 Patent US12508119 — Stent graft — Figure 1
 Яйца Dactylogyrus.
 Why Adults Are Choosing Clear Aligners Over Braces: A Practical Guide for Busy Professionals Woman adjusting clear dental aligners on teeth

◆ ABOUT THIS EXERCISE:
Return the whole listing, keeping every word as it is.

◆ TASK RESULT:
 Patent US12508119 — Stent graft — Figure 1
 Яйца Dactylogyrus.
 Why Adults Are Choosing Clear Aligners Over Braces: A Practical Guide for Busy Professionals Woman adjusting clear dental aligners on teeth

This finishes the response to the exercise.